Была у нас в деревне старушка благочестивые веры, век скоромного не едала. Так и звали — Марья-постница. Вот эта-то Марья-постница меня и наставила: «Брось, говорит, девка, бесов тешить. Никакие тебе запарки-припарки не помогут, а поможет тебе, говорит, вера истинная да обвет». О, бабушка, бабушка, плачу, да я хоть какой обвет дам, только бы ноги ожили! «Тяжелый, говорит, обвет на тебя наложу. Перво-наперво, говорит, на гулянках, на игрищах больше ни разу не бывать. Хватит ли у тебя на то духу?» Хватит, говорю. А сама голоса своего не чую, у самой свет в глазах погас. Понимаю: на гулянках, на игрищах не бывать, да и взамужем никогда не бывать. Ну, второй обвет — в стару веру перейти — ничего, вроде полегче, после первого-то не ноша. Так тогда по молодости-то своим умом рассуждаю. Ну а как третий-то обвет наложила — я и расплакалась. Сходить в Пустозерье к святому великомученику Аббакуму, кресту евонному поклониться. Да ты, говорю, изгилеешься надо мной, баушка. Я до ветру на ногах сходить не могу, на коленцах ползаю, а ты о каком-то Пустозерье баишь. «Будут, говорит, у тебя ноги. Господу Богу угоден будет твой подвиг, даст и ноги. А теперь, говорит, шесть ден тебе стоять на коленях на молитве. От восхожего до захожего. И об одном думать, про одно молить Господа Бога — чтобы силы дал подвиг совершить. За всю жизнь, говорит, как на свете живу, не слыхала, чтобы с Пинеги какой человек ходил в Пустозерье, а ты, говорит, сходишь, тебе, говорит, откроет Всевышний пути-дороги в святую землю, где сподобился страдалец наш в муках огненных райский венец приять. Только, говорит, молись с усердием, так, говорит, молись, чтобы ни единого помысла, ни единого вздоха у тебя ни о чем другом не было, чтобы во всем теле жар стоял, ровно как в пещи ты огненной. Шесть ден, говорит, стоять тебе на молитве, с понедельника до субботы. А в субботу, говорит, усни и спи, говорит, сколько можешь, хоть всю ночь и весь день. А как проснешься, говорит, в Христово Воскресенье, крестом себя истинным, двуперстным осени и вставай на ноги. Крепче, говорит, прежнего, крепче, говорит, дерева и камня у тебя будут ноги».

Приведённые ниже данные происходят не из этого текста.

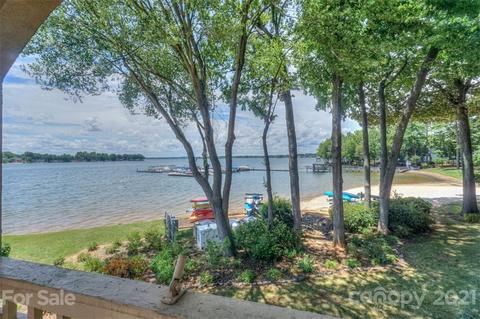 659 Portside Dr, Davidson, NC 28036 photo 2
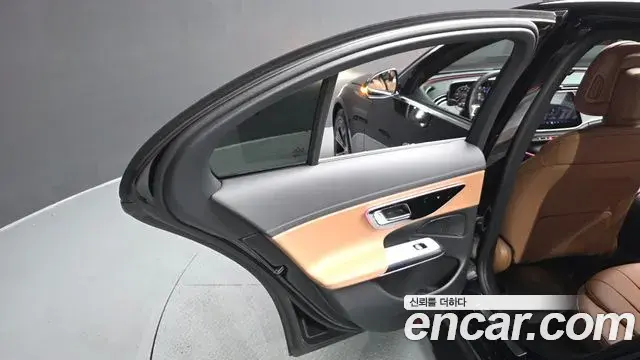 Mercedes-Benz E-Class 2025 — Photo 26/36
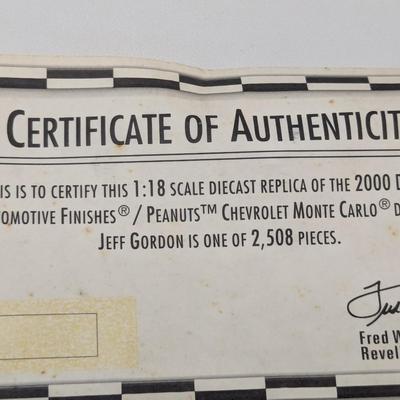 #24 Jeff Gordon DuPont 1/18 Peanuts Snoopy & 2001 Champion #15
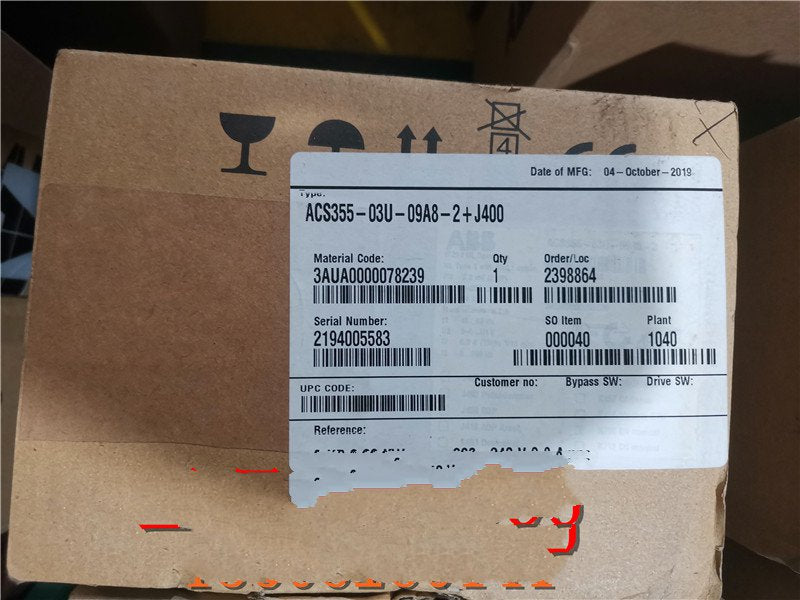 1 PCS  NEW   ACS355-03U-09A8-2+J400    #OYF033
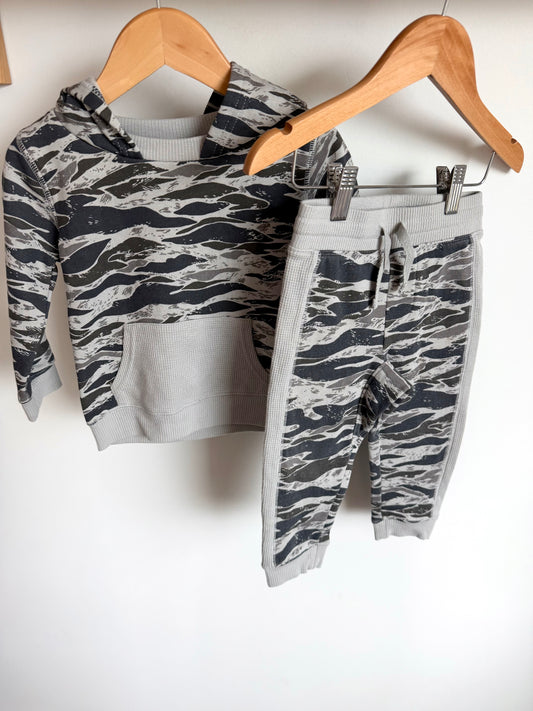 Grey Waves Top + Sweatpants / 2T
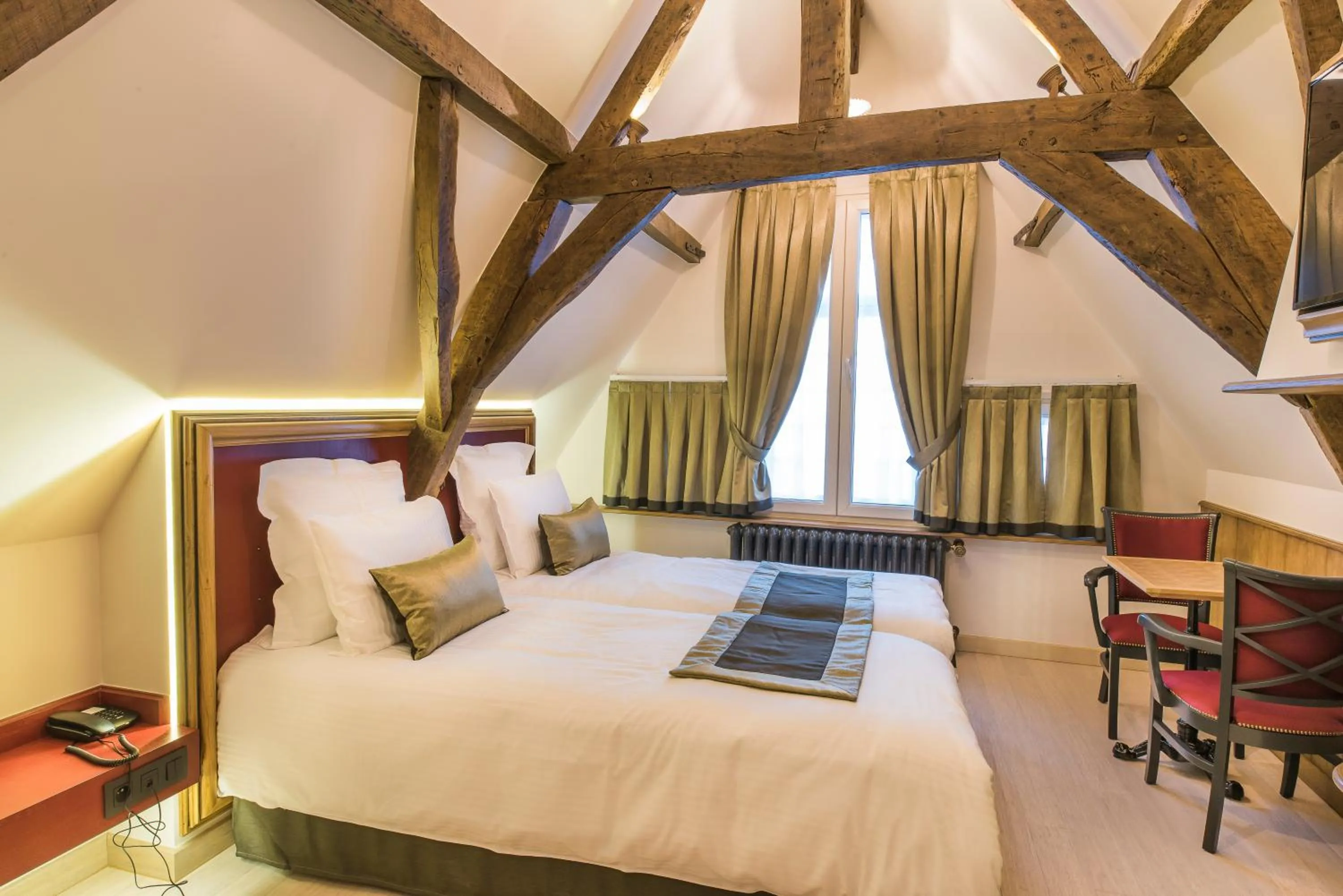 Photo of the whole room, Bed in Hotel Agora Brussels Grand Place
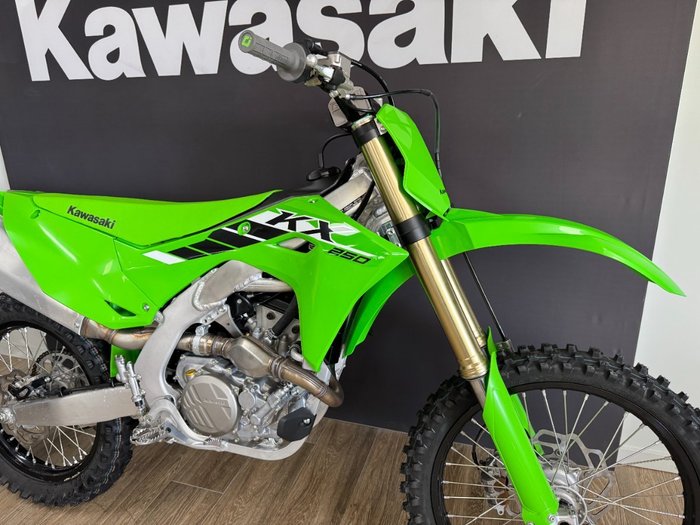 2025 Kawasaki KX250 GREEN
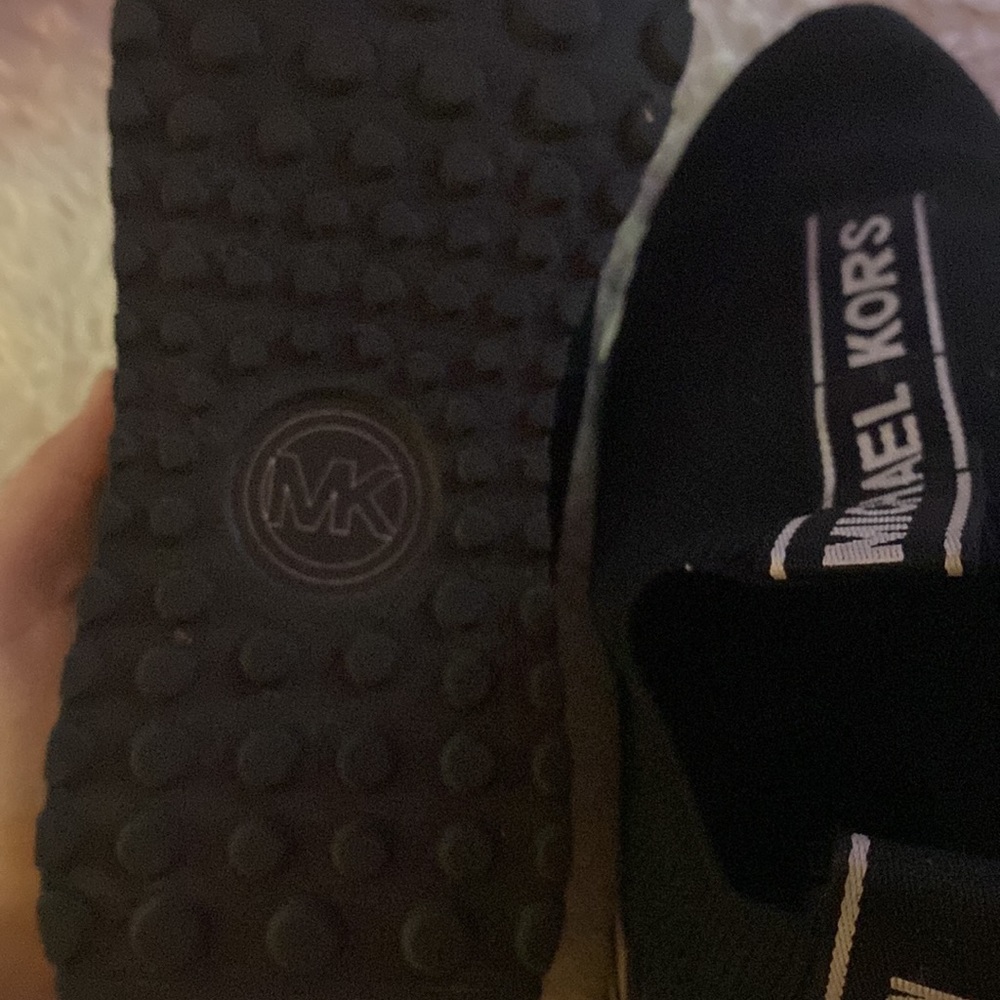 SHOES - Picture 3 of 3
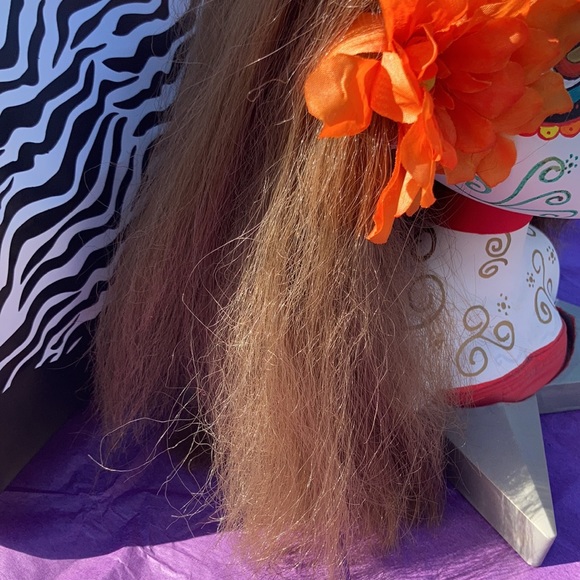 VINTAGE LA MUERTE BRATZ DOLL HEAD AND STAND - Picture 4 of 11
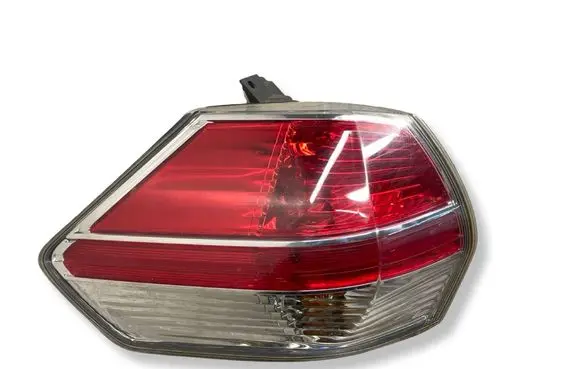 Nissan X-Trail T32 Rear/tail lights 22017939 61650128 A049628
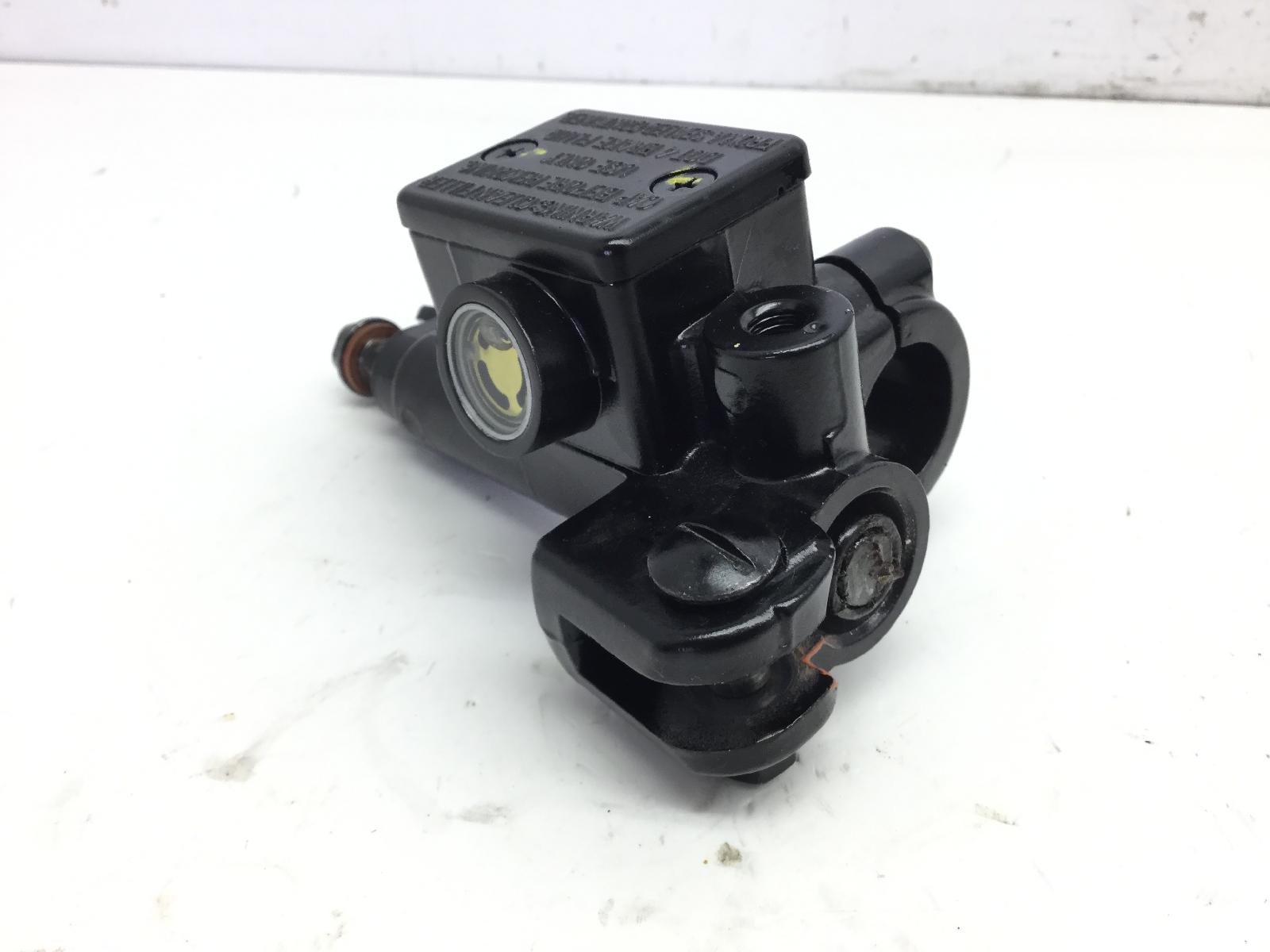 Piaggio vespa gts e4 abs 125 pompa freno posteriore sinistra 2021 2021 md3200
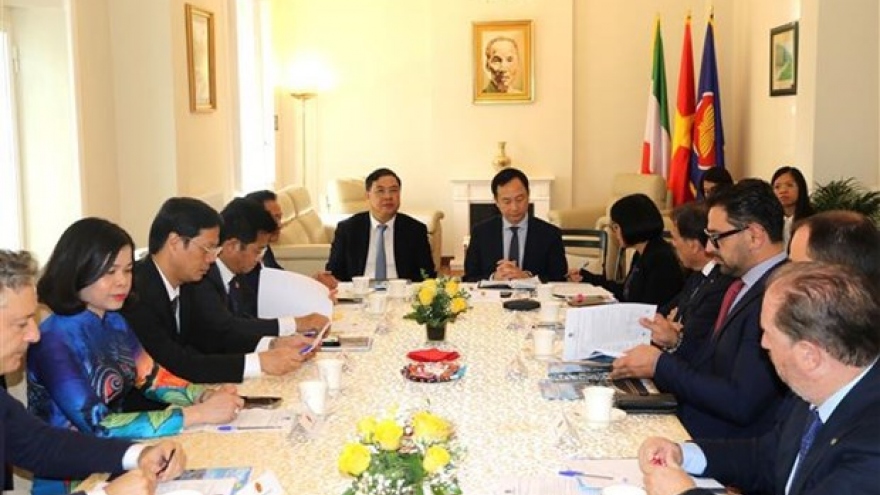 Nam Dinh calls for Italian investment in maritime, green economy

И все так, как сказала божья угодница, все так и вышло. Вернул Господь ноги, доселе верно служат, доселе на зов Господен иду.
И тут старуха повернула голову на восток и с признательностью, широко и степенно перекрестилась.
После небольшой передышки я снова начал заворачивать ее на тропы далекого прошлого.
— Ох, родимой, родимой! День рассказывать — не рассказать, как я в Пустозерье-то ходила. Перво дело — где это Пустозерье? В студеных краях, на краю земли, где зимой и дня не бывает, всё ночь, а летом опять ночи нету, всё день, круглые сутки солнышко. А как туда идти-добираться? Откуда след начинать? Ну да надоть обвет держать, раз даден. Собрали меня дома в дорогу, котомку с хлебцами за спину, два медных пятака денег дали — иди, ищи Пустозерье. В городе Пинеге Микольская ярманка, со всего царства народ съезжается — может, там скажут. И сказали в городе Пинеге: обозы с рыбой с Печоры-реки есть, с имá, с темá обозами, попадать надоть. Четыреста верст але боле тайболой — лесами да тундрой — как одному человеку попасть?
Вот я и увязалась за темá обозами. Сподобилась принять крещение морозами да снегами. Страсть, страсть эти хивуса-ти тамошние — метели-то да бураны снежные. Как задует, задует, ни земли, ни неба не видно, по пяти ден из кушни, лесной избы, выбраться не можем. Все угорим, все облюемся — о беда. Але темень-то эта тамошняя. У нас о ту пору, возле Рождества, свету немного бывает, а там день-то — как зорька сыграет, а то все ночь, все темень кромешная. Мужики звезды в небе ищут, по звездам едут, а я крестом себе дорогу освещаю. Пальцы в рукавице в крест двуперстный зажала, да так с крестом истинным и прошла взад-вперед. Люди — вернулась — как на диво на какое на меня смотрят. Со всей Пинеги старухи-староверки да старики шли. Начну рассказывать, как ходила, какие муки претерпела, сама не верю себе. Думаю, таких больше на земле и страданьев нет, какие я вынесла. А нет, страданья-то да муки у меня начались, когда меня в Койду выдали.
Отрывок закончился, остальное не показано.